ABOUT THIS EXERCISE: Reproduce the data exactly and drop any pictures it holds.

RECORDS SUPPLIED:

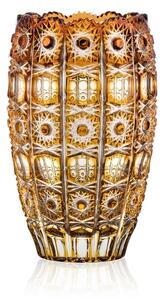 Bohemia Crystal Ručně broušená váza Murinas Amber 205mm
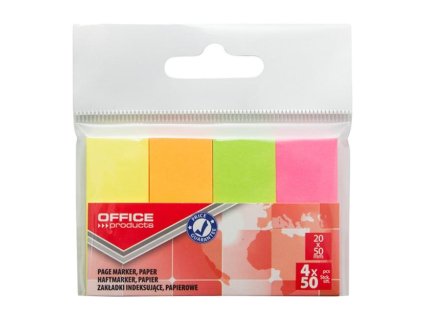 Samolepiace záložky Office Products 20x50mm neon 4x50 lístkov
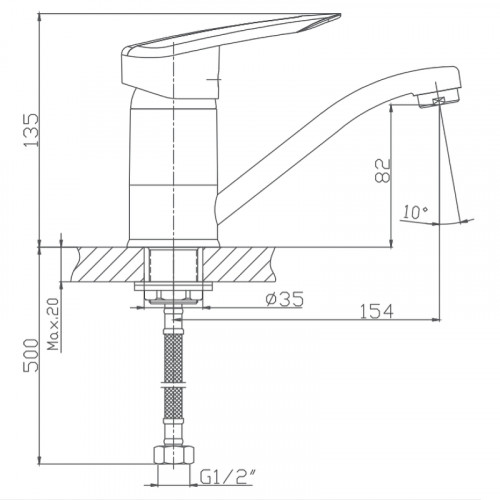 Смеситель для раковины Haiba HB4507-2 Хром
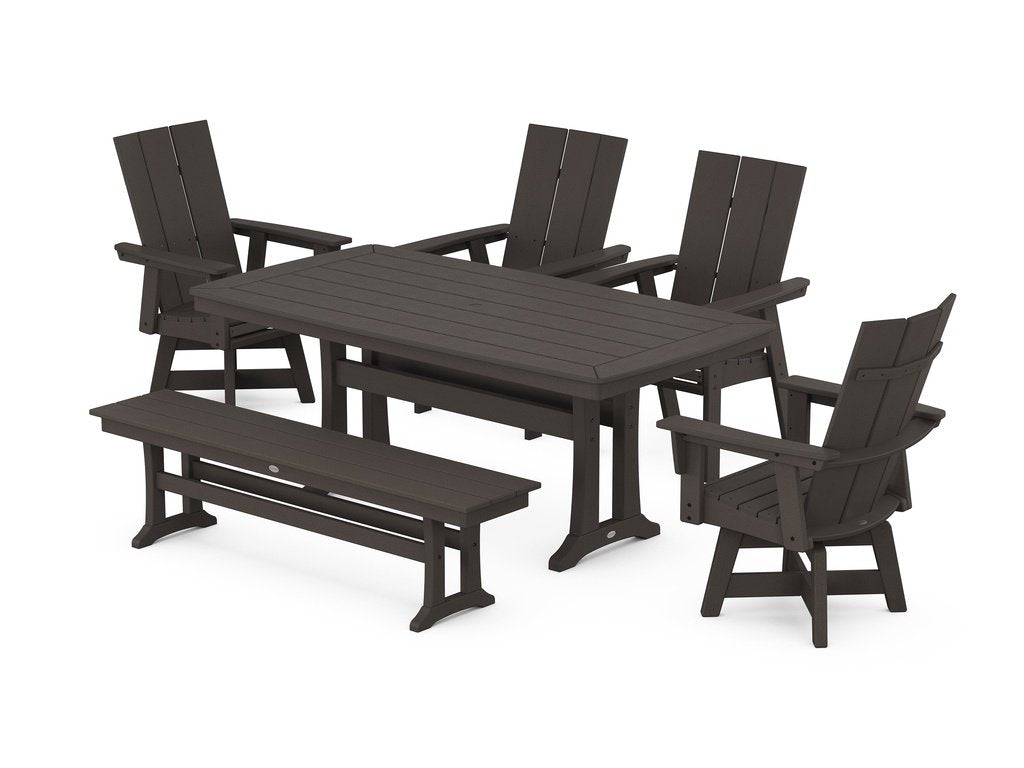 Modern Curveback Adirondack Swivel Chair 6-Piece Dining Set with Trestle Legs and Bench Photo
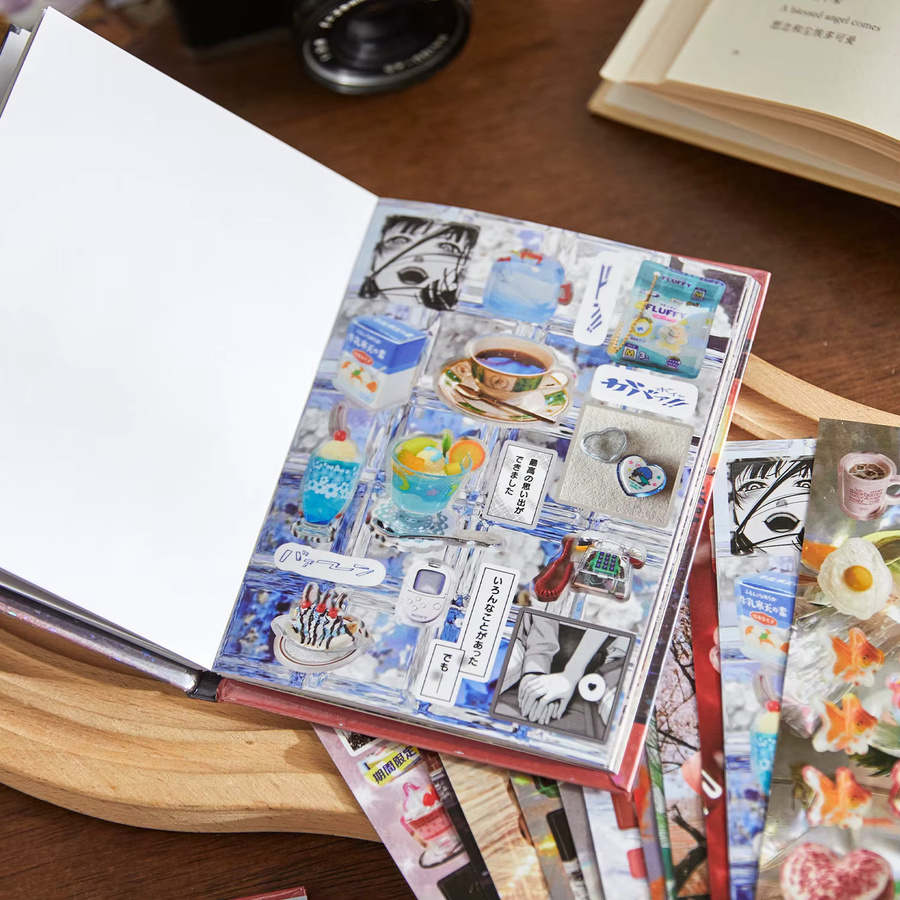 MINKYS Vintage Deko-Stickerbuch mit 45 Blatt Kawaii Aufkleber für Laptop, Kpop und Scrapbook Journal in Multicolour - Bild 1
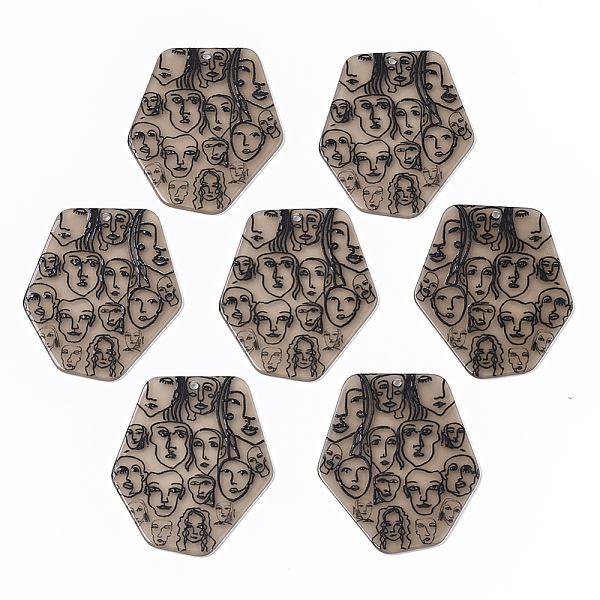 

PandaHall Acrylic Pendants, 3D Printed, Polygon, Abstract Face Pattern, Black, 45x39x2mm, Hole: 1.8mm Acrylic Polygon Black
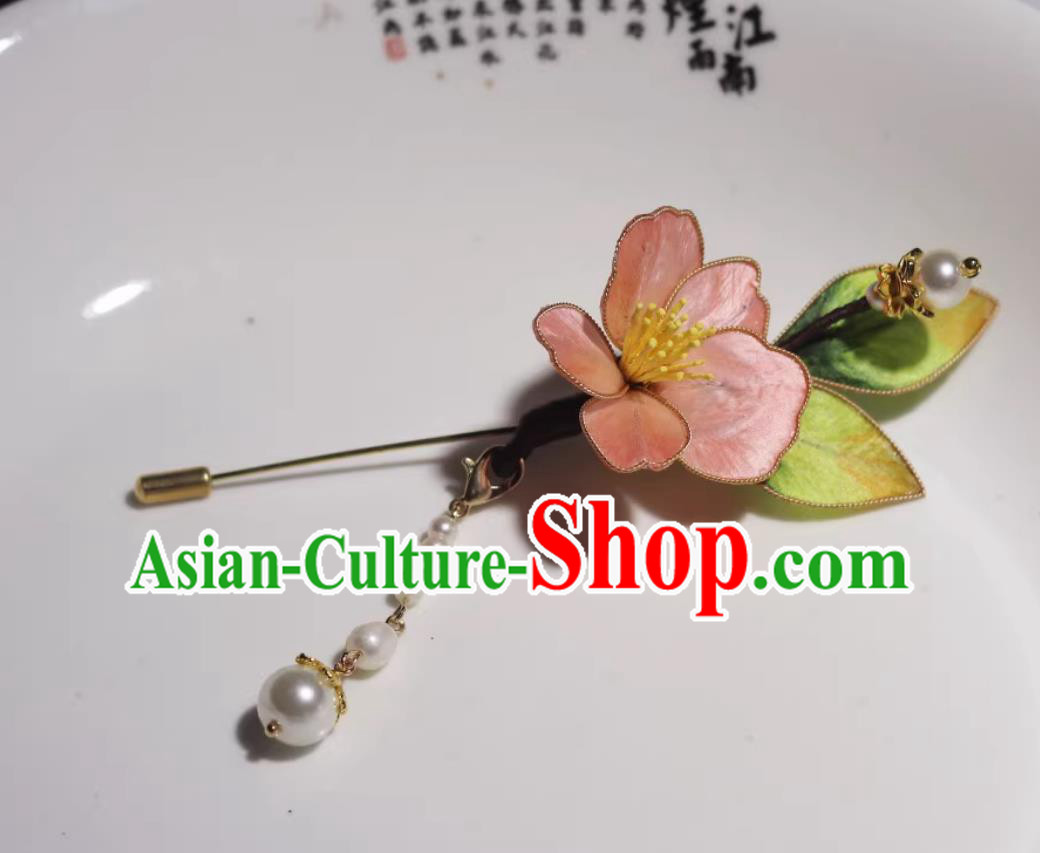 Chinese Cheongsam Brooch China Classical Pink Silk Flower Corsage Traditional Intangible Heritage Artwork Handmade Hanfu Jewelry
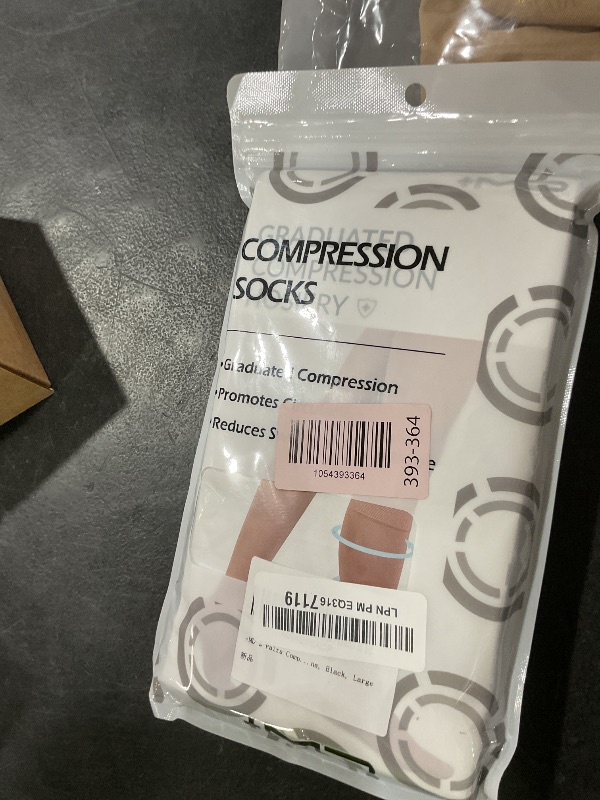 Photo 1 of +MD 2 Pairs Compression Socks for Women & Men Medical Grade 20-30 mmHg, Open-Toe knee High Stocking, Support for edema, Varicose Veins, Black, Large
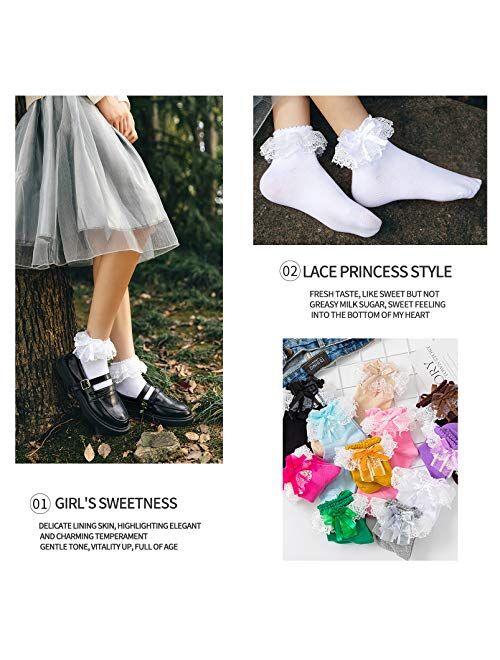 SEMOHOLLI Women Ankle Socks,Lace Ruffle Frilly Comfortable Princess Socks Lace Socks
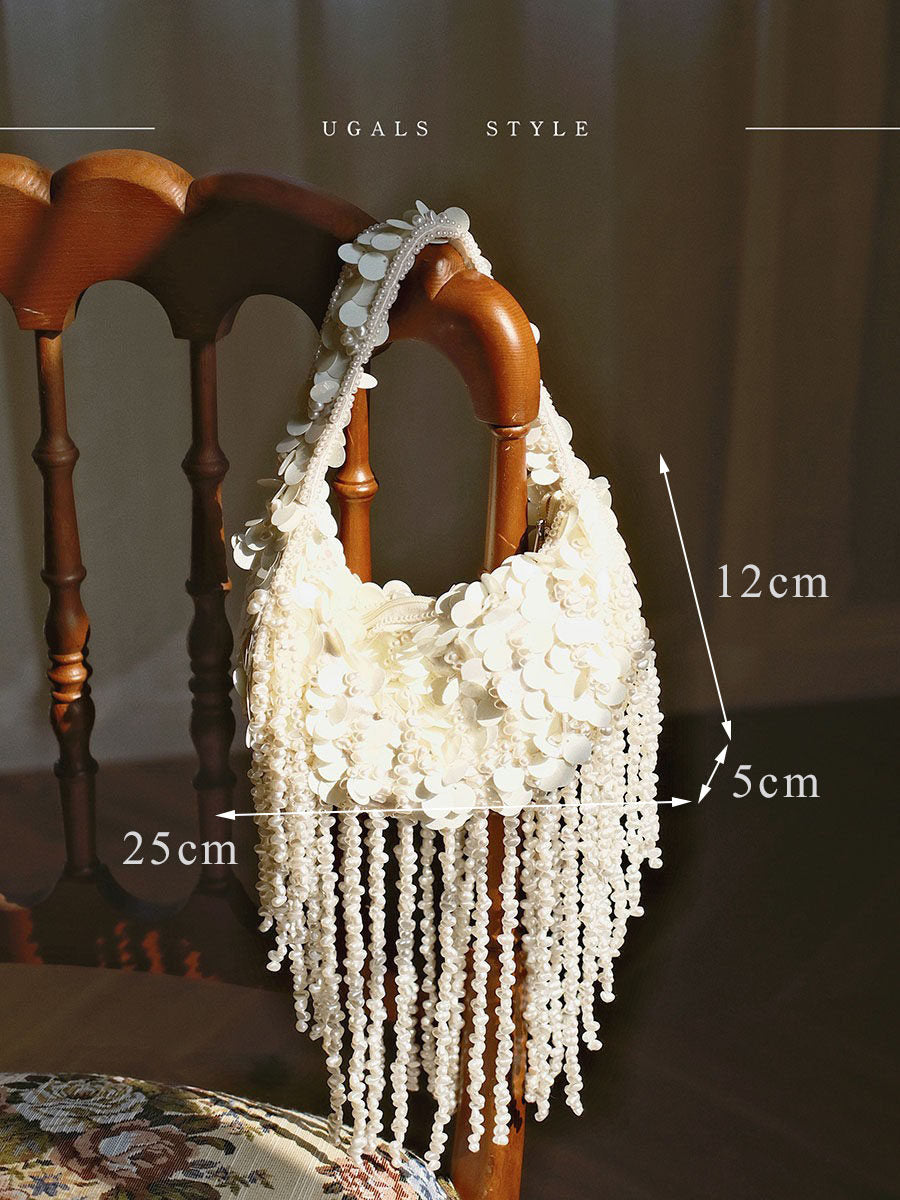 French woven pearl tassel underarm clutch bag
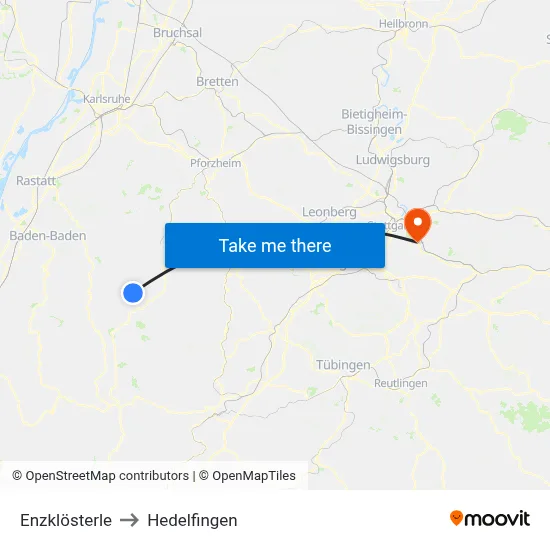 Enzklösterle to Hedelfingen map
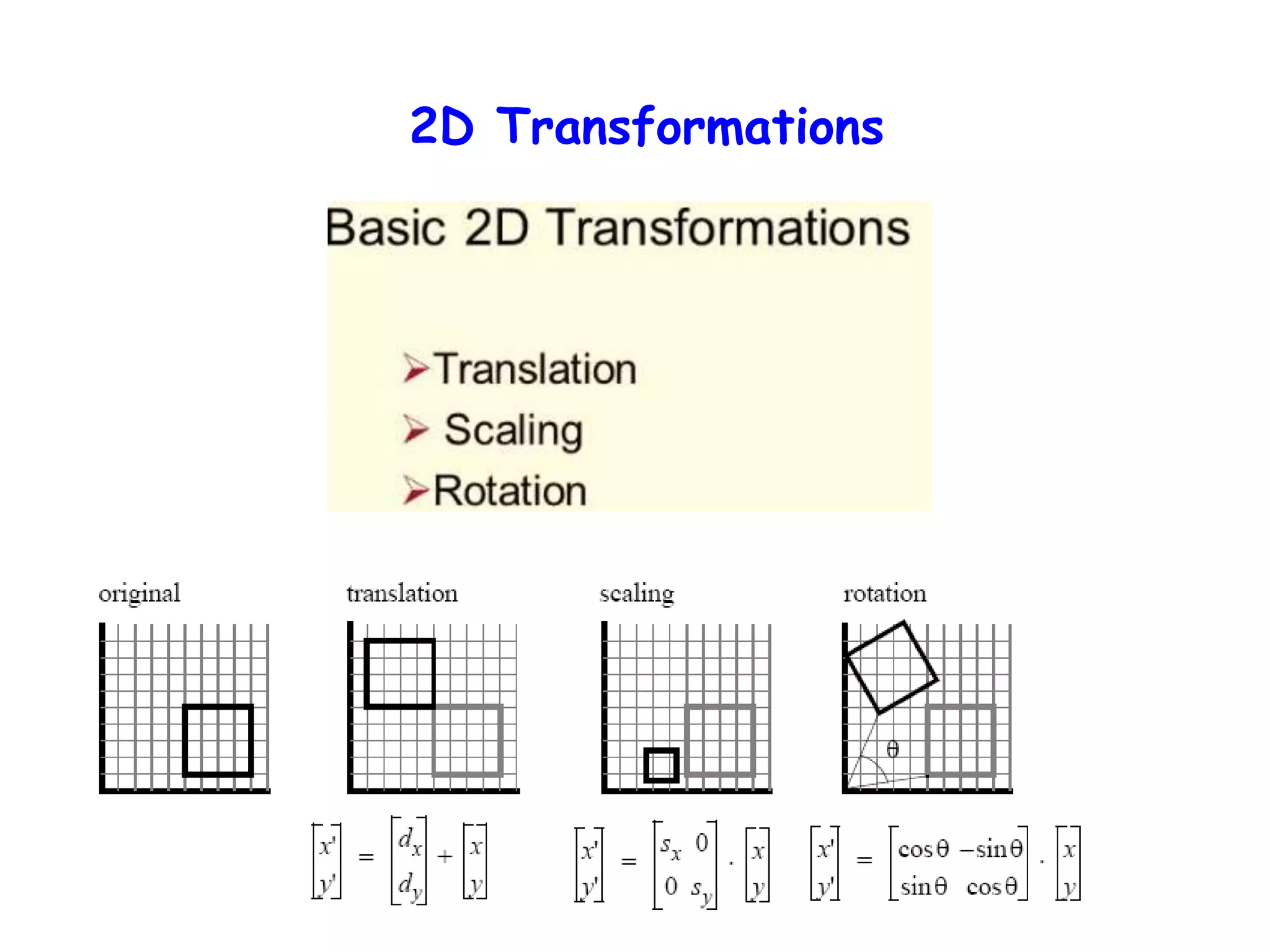 2D Transformations
 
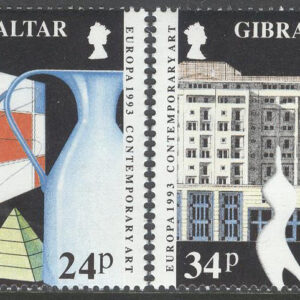 Gibraltar – M  654-657 Europa CEPT 1993 Samtida konst, 2 st par kpl **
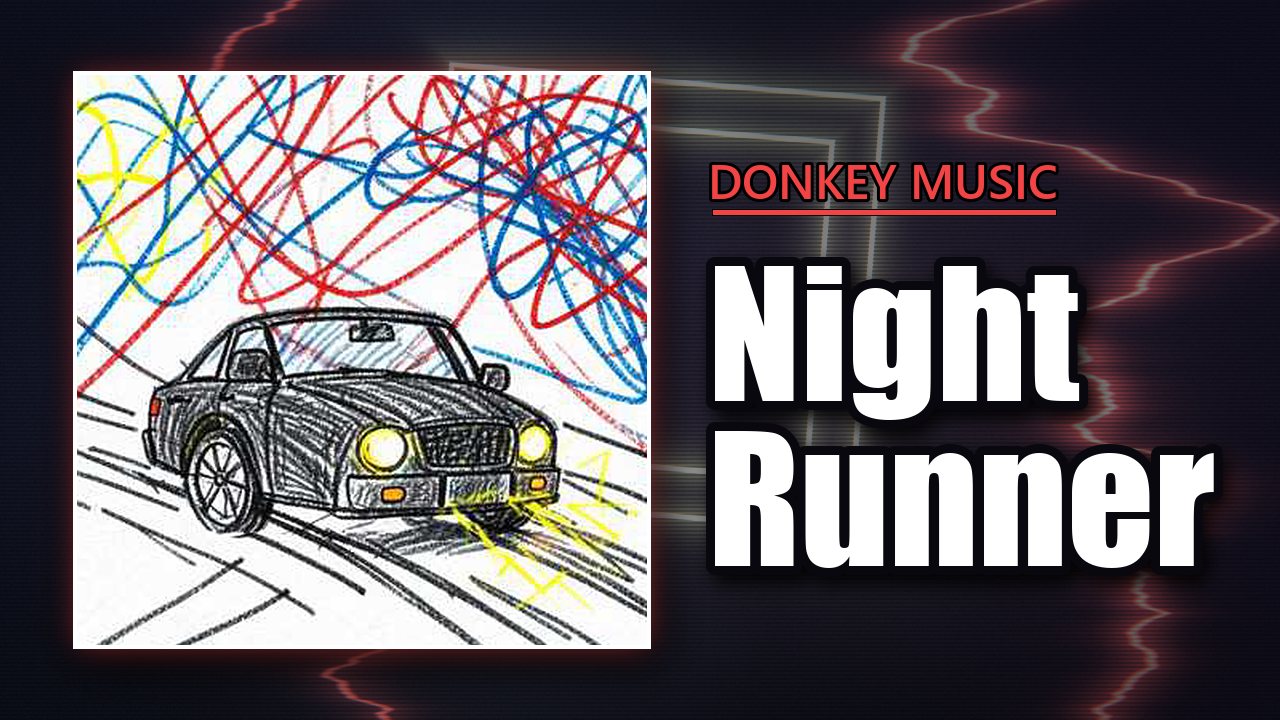 Miniatyr: omslaget med en ritad bil till vänster och titeln Night Runner i stora bokstäver till höger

RESPONSE AREA:
 Bohemia Crystal Ručně broušená váza Murinas Amber 205mm
 Samolepiace záložky Office Products 20x50mm neon 4x50 lístkov
 Смеситель для раковины Haiba HB4507-2 Хром
 Modern Curveback Adirondack Swivel Chair 6-Piece Dining Set with Trestle Legs and Bench Photo
 MINKYS Vintage Deko-Stickerbuch mit 45 Blatt Kawaii Aufkleber für Laptop, Kpop und Scrapbook Journal in Multicolour - Bild 1

PandaHall Acrylic Pendants, 3D Printed, Polygon, Abstract Face Pattern, Black, 45x39x2mm, Hole: 1.8mm Acrylic Polygon Black
 Chinese Cheongsam Brooch China Classical Pink Silk Flower Corsage Traditional Intangible Heritage Artwork Handmade Hanfu Jewelry
 Photo 1 of +MD 2 Pairs Compression Socks for Women & Men Medical Grade 20-30 mmHg, Open-Toe knee High Stocking, Support for edema, Varicose Veins, Black, Large
 SEMOHOLLI Women Ankle Socks,Lace Ruffle Frilly Comfortable Princess Socks Lace Socks
 French woven pearl tassel underarm clutch bag
 Enzklösterle to Hedelfingen map
 2D Transformations
 
 Gibraltar – M  654-657 Europa CEPT 1993 Samtida konst, 2 st par kpl **
 Miniatyr: omslaget med en ritad bil till vänster och titeln Night Runner i stora bokstäver till höger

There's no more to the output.